Allerdings wurde bis jetzt noch nie ein Sportler wegen Einnahme von Doping angeklagt oder auch nur bestraft, schon gar nicht zu einer Gefängnisstrafe verurteilt.

Ich glaube auch nicht das ausgerechtet in diesen drei Staat überhaupt irgendwann mal  ein Sportler verurteilt wird, weil in diesen drei Staaten dieses Gesetzt nur veranschlagt wurde um die Bevölkerung zu beruhigen  und von den sehr großen Dopingskandalen ab zu längen.

Dies könnte vielleicht nur passieren, wenn die Bevölkerung, die Öffentlichkeit und die Presse nicht locker lassen und es weiter verfolgen. Die Frage, ob Doping-Bekämpfung bei nichtstaatlichen Veranstaltungen eine Staatsaufgabe sein soll, ist  jedoch stark umstritten.

Hier in Deutschland liegt grundsätzlich kein Straftatbestand bei oder mit der Einnahme von Doping vor, denn laut unserem Arzneimittelgesetzes §6a ist nur das Inverkehr bringen, also das verkaufen – anbieten, das Verschreiben oder das Anwenden  von Arzneimittel bei anderen zu Doping-zwecken im Sport strafbar.

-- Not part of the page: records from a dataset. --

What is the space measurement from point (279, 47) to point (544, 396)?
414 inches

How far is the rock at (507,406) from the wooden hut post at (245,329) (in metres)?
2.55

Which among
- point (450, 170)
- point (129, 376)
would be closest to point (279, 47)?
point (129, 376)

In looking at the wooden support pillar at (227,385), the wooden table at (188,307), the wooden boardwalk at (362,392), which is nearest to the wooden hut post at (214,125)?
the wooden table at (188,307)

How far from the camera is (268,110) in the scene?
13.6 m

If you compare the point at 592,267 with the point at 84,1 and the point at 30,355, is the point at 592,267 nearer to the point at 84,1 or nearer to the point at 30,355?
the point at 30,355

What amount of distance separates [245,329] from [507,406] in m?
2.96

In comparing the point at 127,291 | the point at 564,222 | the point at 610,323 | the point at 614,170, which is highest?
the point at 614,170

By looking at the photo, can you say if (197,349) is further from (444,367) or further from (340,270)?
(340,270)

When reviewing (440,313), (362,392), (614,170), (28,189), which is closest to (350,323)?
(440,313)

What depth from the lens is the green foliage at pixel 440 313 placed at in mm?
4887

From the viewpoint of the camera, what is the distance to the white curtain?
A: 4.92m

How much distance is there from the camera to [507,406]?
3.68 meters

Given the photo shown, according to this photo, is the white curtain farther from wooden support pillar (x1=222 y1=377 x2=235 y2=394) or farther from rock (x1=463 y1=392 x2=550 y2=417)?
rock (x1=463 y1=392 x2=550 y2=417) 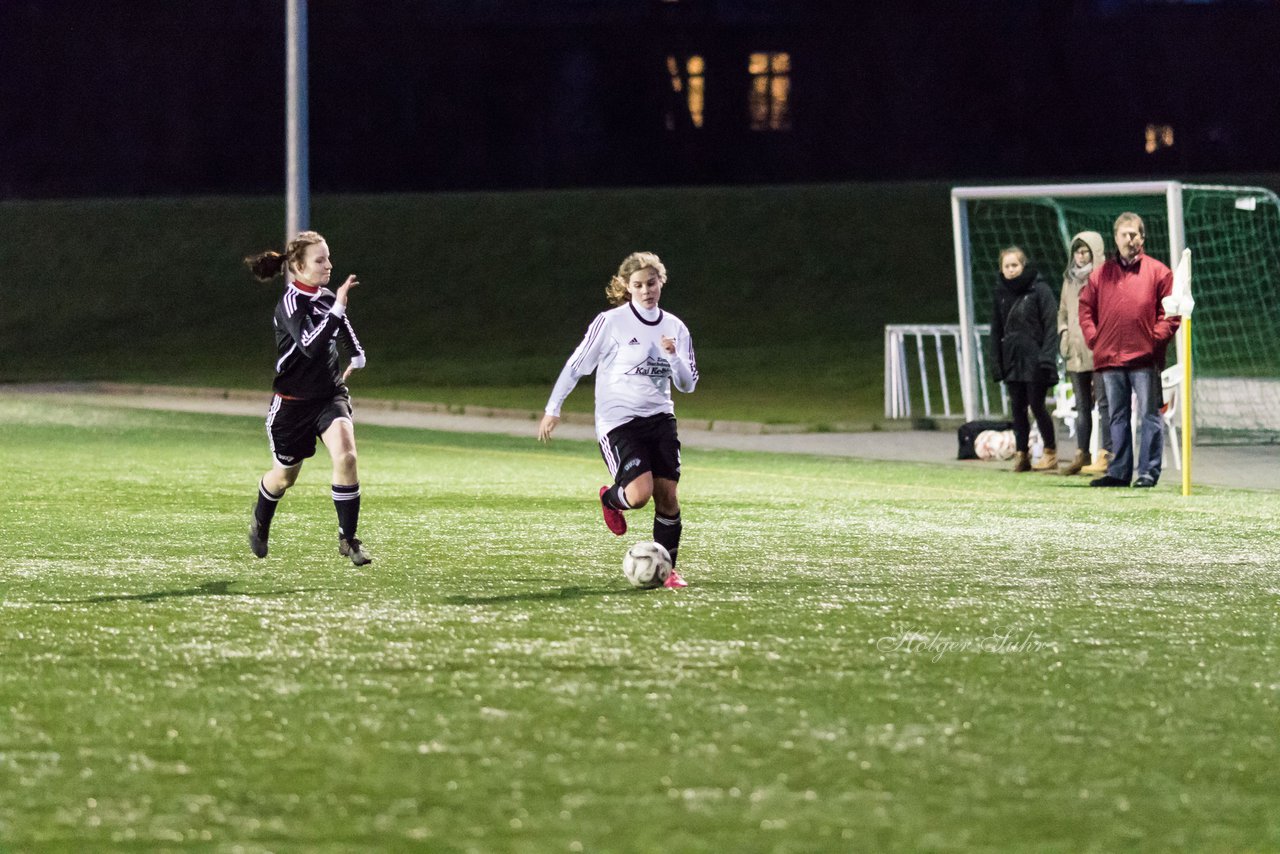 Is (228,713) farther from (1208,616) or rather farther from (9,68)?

Allerdings tut sich hier auch schon was, mit dem Inkrafttreten des Gesetzes ab dem 1 November 2007 (BGBI. I 2007, S. 2510)
ist eben schon auch nur der Besitz einer nicht geringen Menge Doping-Mittel eben zum Zweck von Doping am Menschen verboten ( § 6a Abs. 2a Arzneimittelgesetz).

Was man unter geringer Menge versteht wird in der Doping-Mittel-Mengen-Verordnung  sogar dargelegt und diese Straftat wird mit § 95 Abs. 1 sogar mit einer Geldstrafe oder mit einer Freiheitsstrafe von bis  zu drei Jahren bestraft.

Diese Straftat kann sogar noch verlängert werden bis zu zehn Jahren, wenn besonders schwere Fälle vorliegen, wenn man Abgabe oder Anwendung von Arzneimitteln zu Doping-Zwecken im Sport an Personen unter 18 Jahren weiter gibt.

Es kam auch schon zu Verurteilungen allerdings wegen Körperverletzungsdelikten, teilweise auch solche die die Straftat an Schutzbefohlenen und wenn Doping-Präparate von Trainern an Athleten ohne deren Wissen oder Zustimmung verabreicht wurde.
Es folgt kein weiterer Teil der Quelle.